[[ Information provided open ]]
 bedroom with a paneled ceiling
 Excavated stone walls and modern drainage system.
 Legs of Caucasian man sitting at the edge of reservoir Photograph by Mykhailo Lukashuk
[[ Information provided closed ]]
## Problem details:
Give back the material above in full, exactly as it reads.

## Output:
 bedroom with a paneled ceiling
 Excavated stone walls and modern drainage system.
 Legs of Caucasian man sitting at the edge of reservoir Photograph by Mykhailo Lukashuk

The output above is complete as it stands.